Exact copy without images: repeat every entry as written.

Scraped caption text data
────────────────────────────────────────
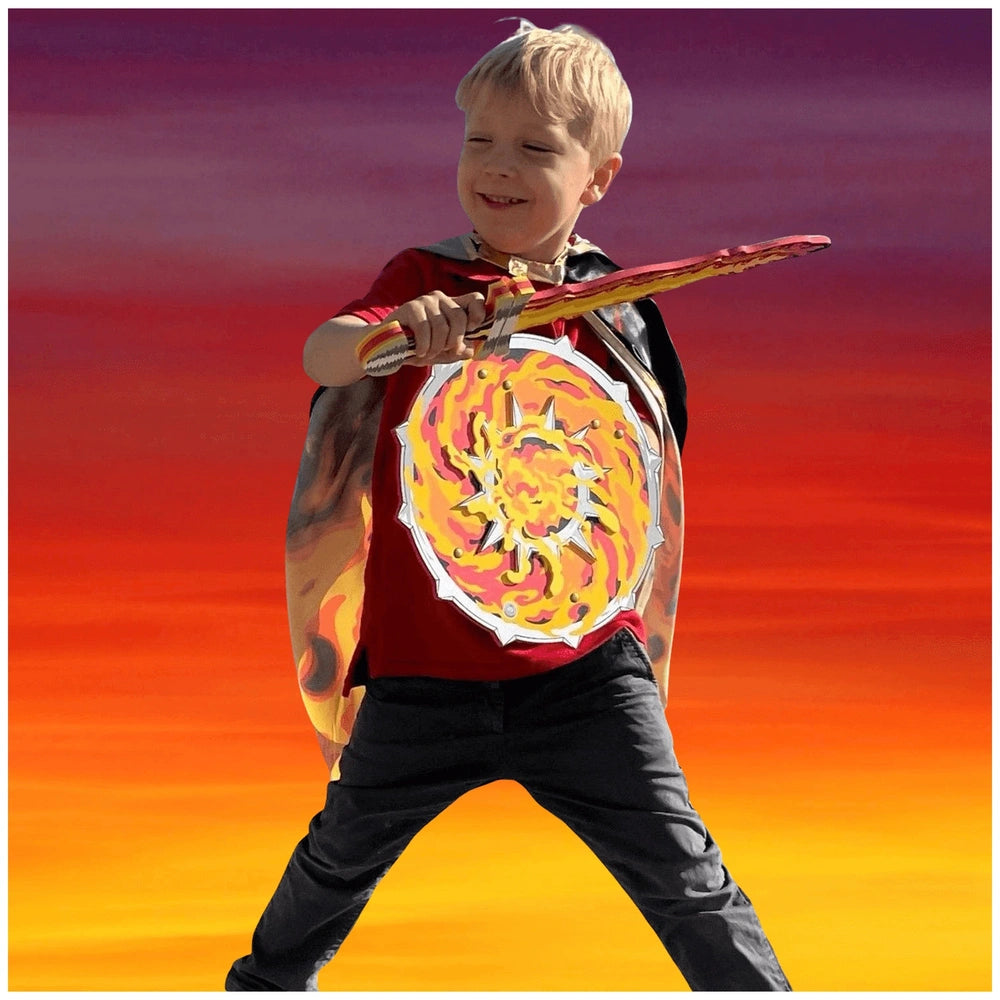 Liontouch Flame Shield in use, young boy with blonde hair in red shirt and flame-designed cape holds a sword, smiling.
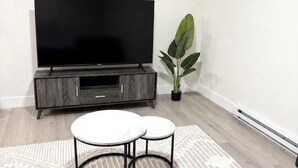 Una sala de estar con un televisor de pantalla plana, un mueble de madera oscura para el equipo de sonido, dos mesas redondas blancas, un tapete estampado y una planta verde grande.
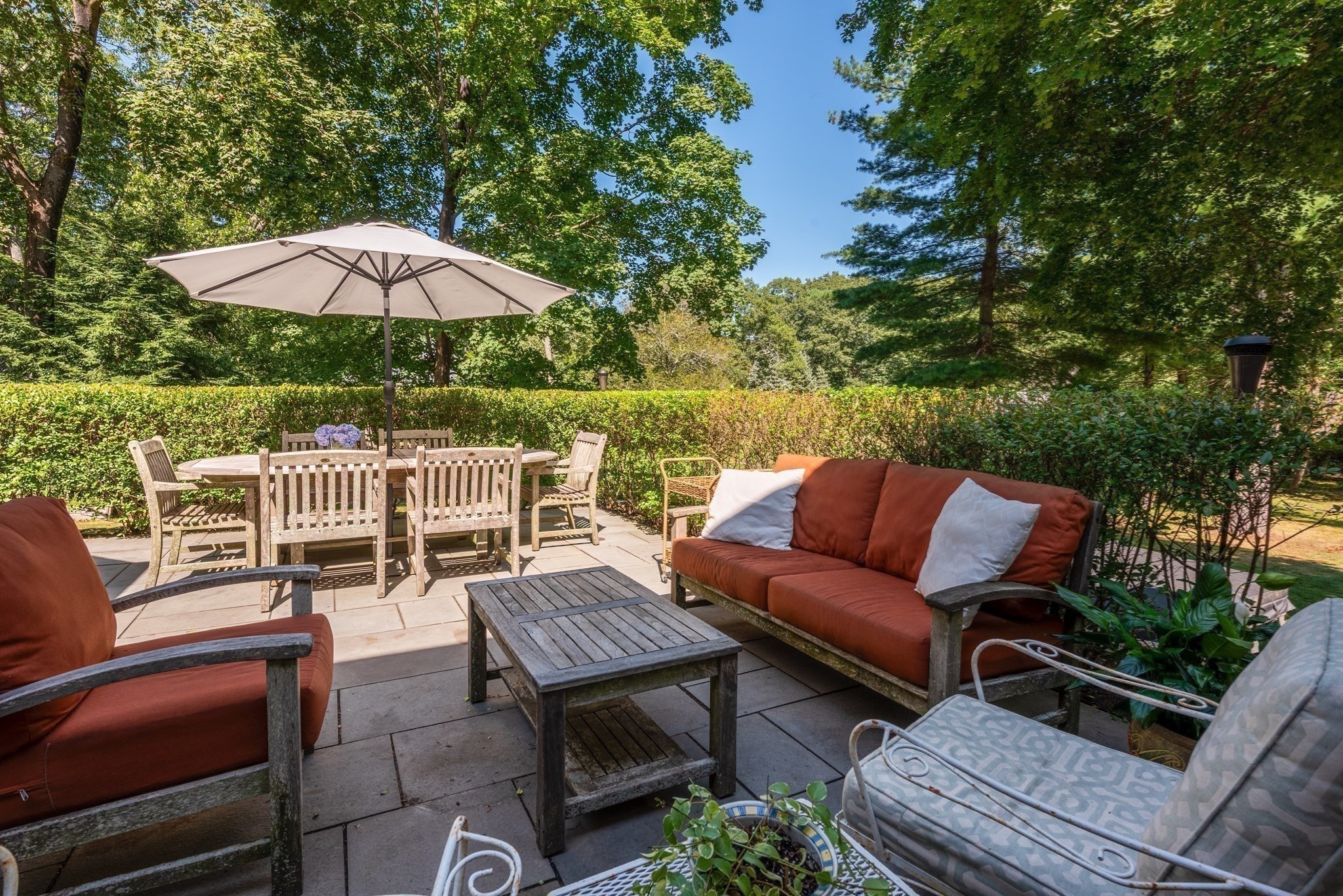 Stone patio with dining set and umbrella, lounge seating, and leafy hedges.
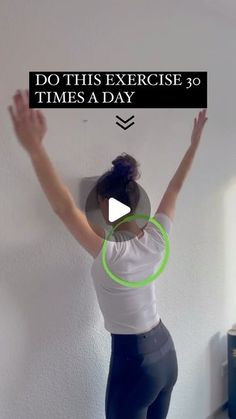 a woman standing in front of a white wall with her arms up and the words do this exercise 30 times a day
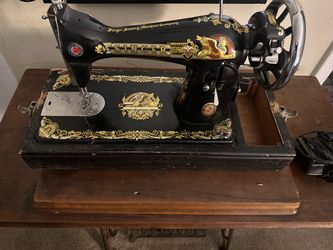vintage Singer Sewing Machine featuring the iconic gold "Sphinx"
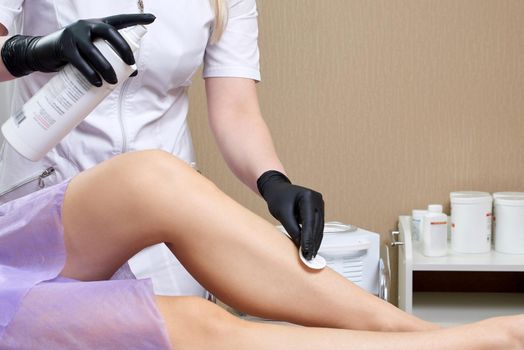 Beautician getting ready to wax female legs in spa center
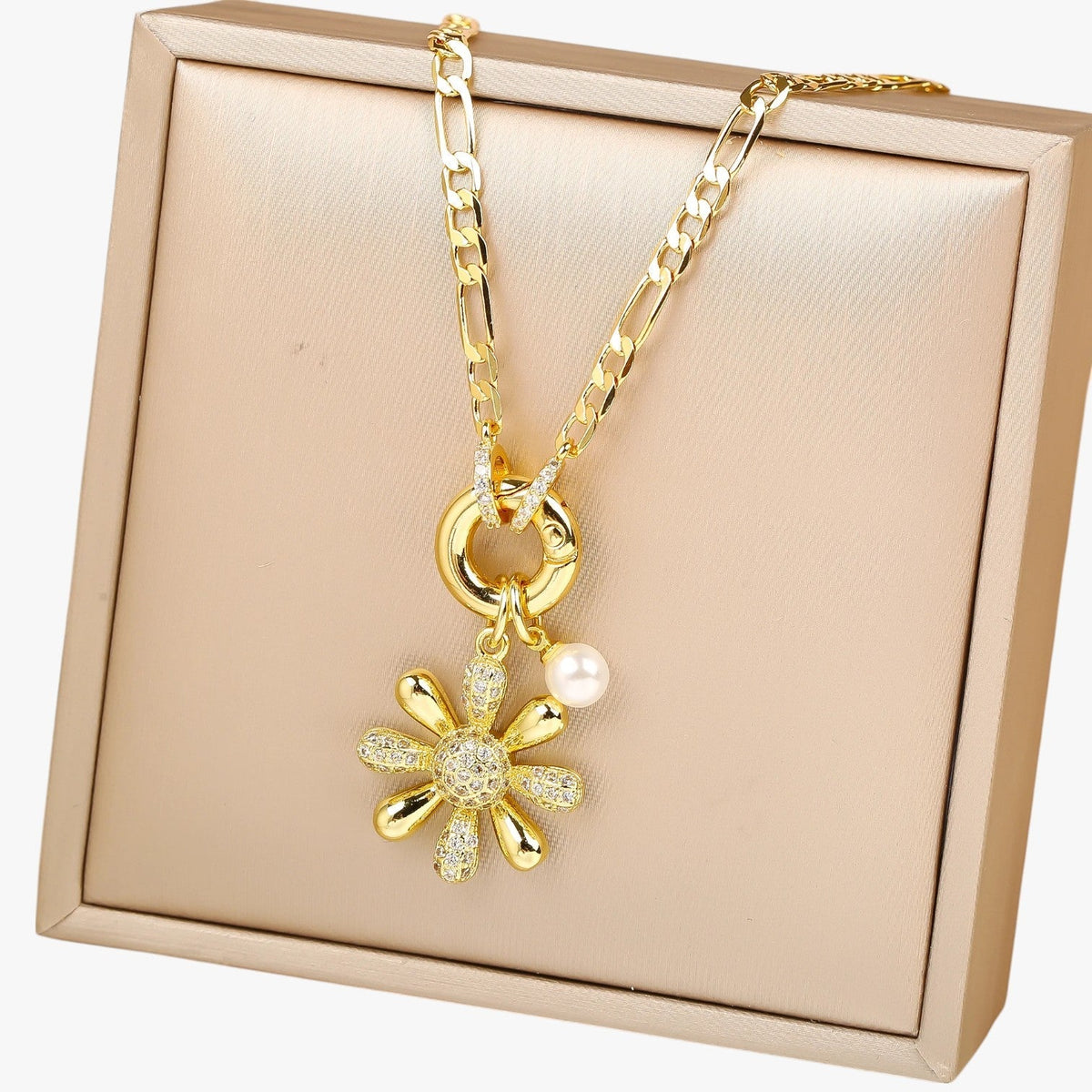 Ketting met bloemhanger en blauwe zirkoniastenen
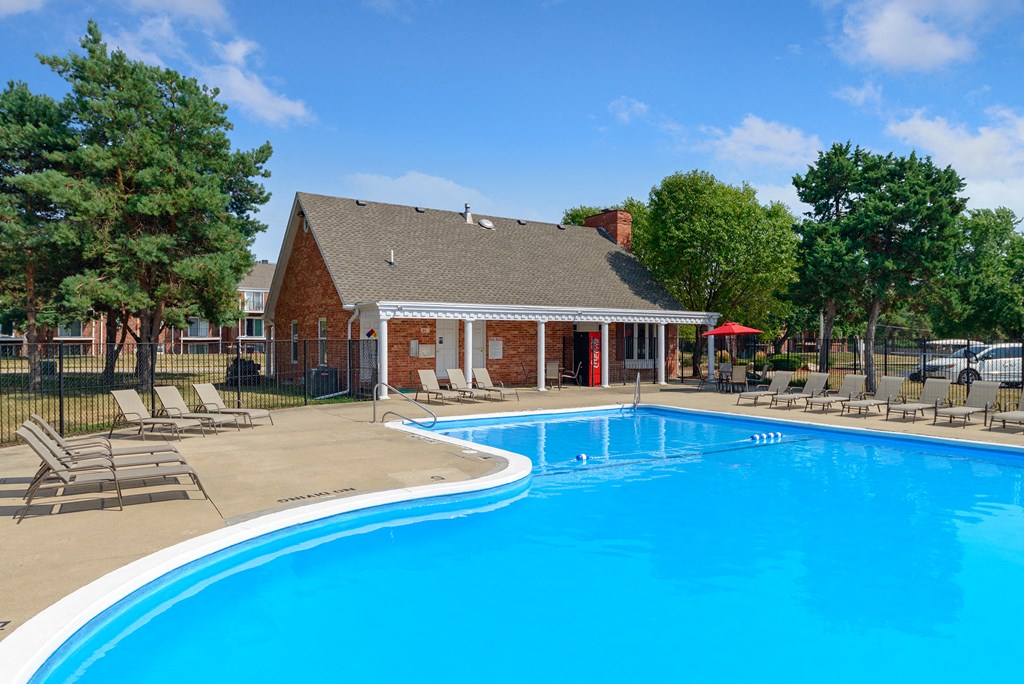 a swimming pool with chairs around it in front of a house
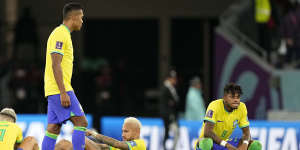 Brazil’s Neymar,center,and his team mates react after the penalty shootout.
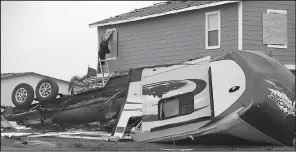  ?? AP/ERIC GAY ?? A destroyed camper trailer sits in front of Steve Hagdorn’s storm-damaged home Monday in Rockport, Texas, as he covers shattered windows.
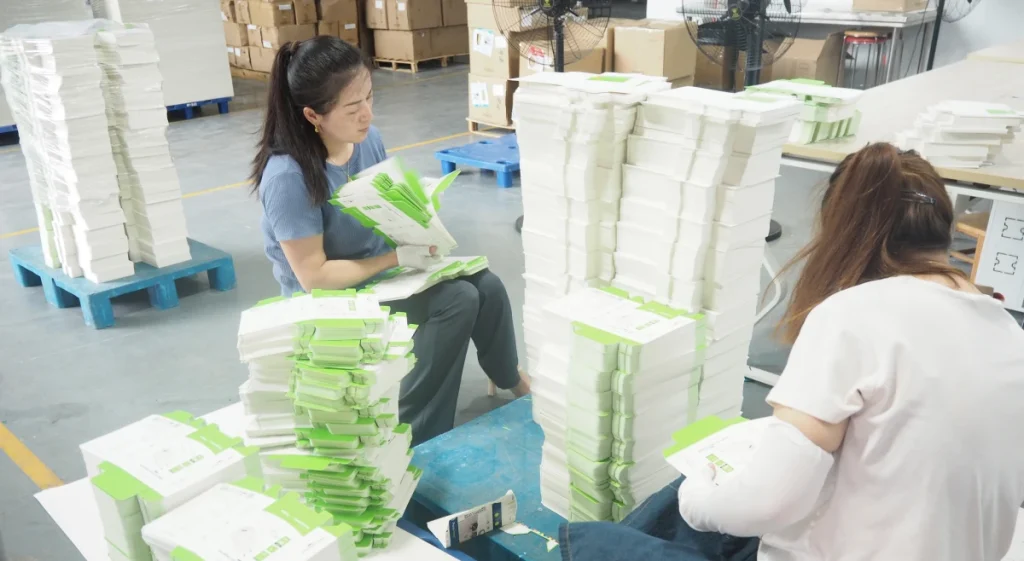 Workers manually assembling and organizing packaging boxes in a factory setting.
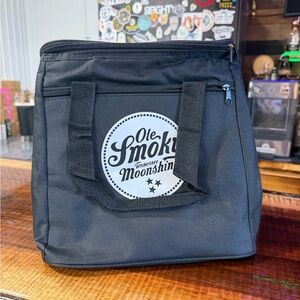 Black “Ole Smoky Moonshine” insulated cooler, and or lunch bag.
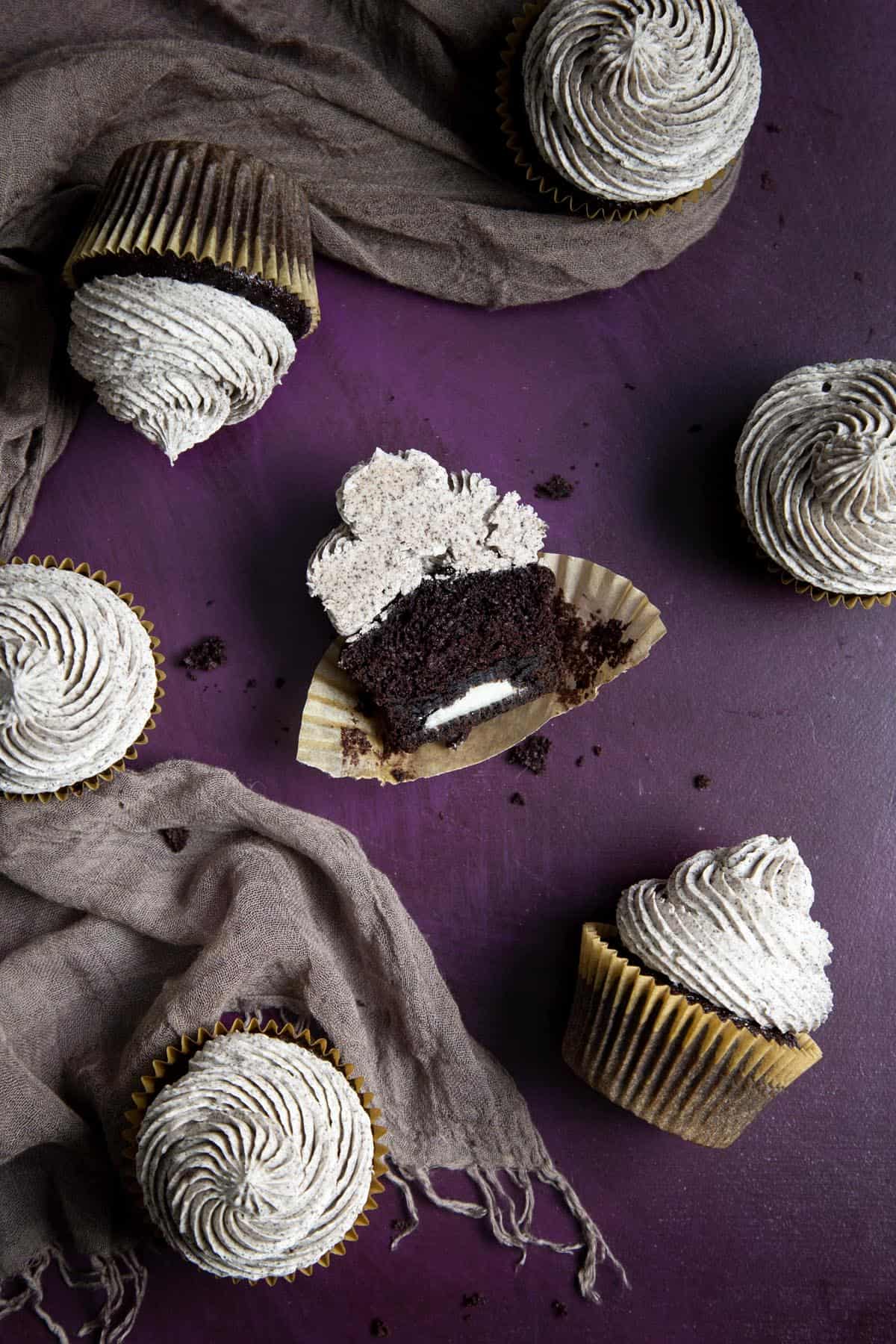A chocolate Oreo cupcake cut in half revealing the whole Oreo in the middle.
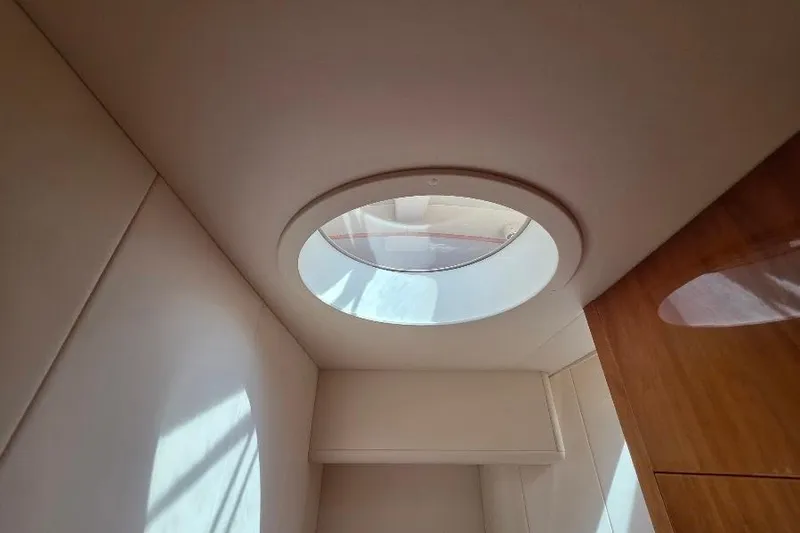 Slide: The Image of Circular skylight in 2008 Neptunus Flybridge MY yacht interior, illuminating wooden and white surfaces. - 109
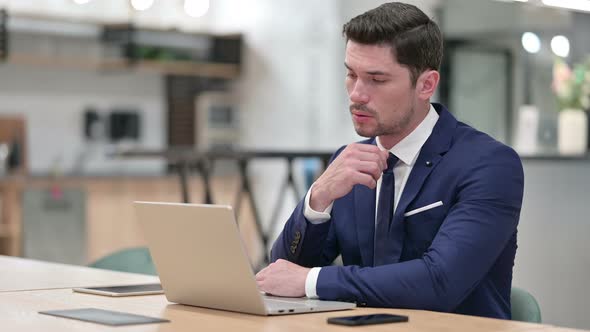 Pensive Businessman Thinking and Working on Laptop in Office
────────────────────────────────────────
> [RESPONSE FOR THIS EXERCISE]
 Liontouch Flame Shield in use, young boy with blonde hair in red shirt and flame-designed cape holds a sword, smiling.
 Una sala de estar con un televisor de pantalla plana, un mueble de madera oscura para el equipo de sonido, dos mesas redondas blancas, un tapete estampado y una planta verde grande.
 Stone patio with dining set and umbrella, lounge seating, and leafy hedges.
 a woman standing in front of a white wall with her arms up and the words do this exercise 30 times a day
vintage Singer Sewing Machine featuring the iconic gold "Sphinx"
 Beautician getting ready to wax female legs in spa center
 Ketting met bloemhanger en blauwe zirkoniastenen
 a swimming pool with chairs around it in front of a house
 Brazil’s Neymar,center,and his team mates react after the penalty shootout.
  ?? AP/ERIC GAY ?? A destroyed camper trailer sits in front of Steve Hagdorn’s storm-damaged home Monday in Rockport, Texas, as he covers shattered windows.
 Workers manually assembling and organizing packaging boxes in a factory setting.
 Black “Ole Smoky Moonshine” insulated cooler, and or lunch bag.
A chocolate Oreo cupcake cut in half revealing the whole Oreo in the middle.
 Slide: The Image of Circular skylight in 2008 Neptunus Flybridge MY yacht interior, illuminating wooden and white surfaces. - 109
 Pensive Businessman Thinking and Working on Laptop in Office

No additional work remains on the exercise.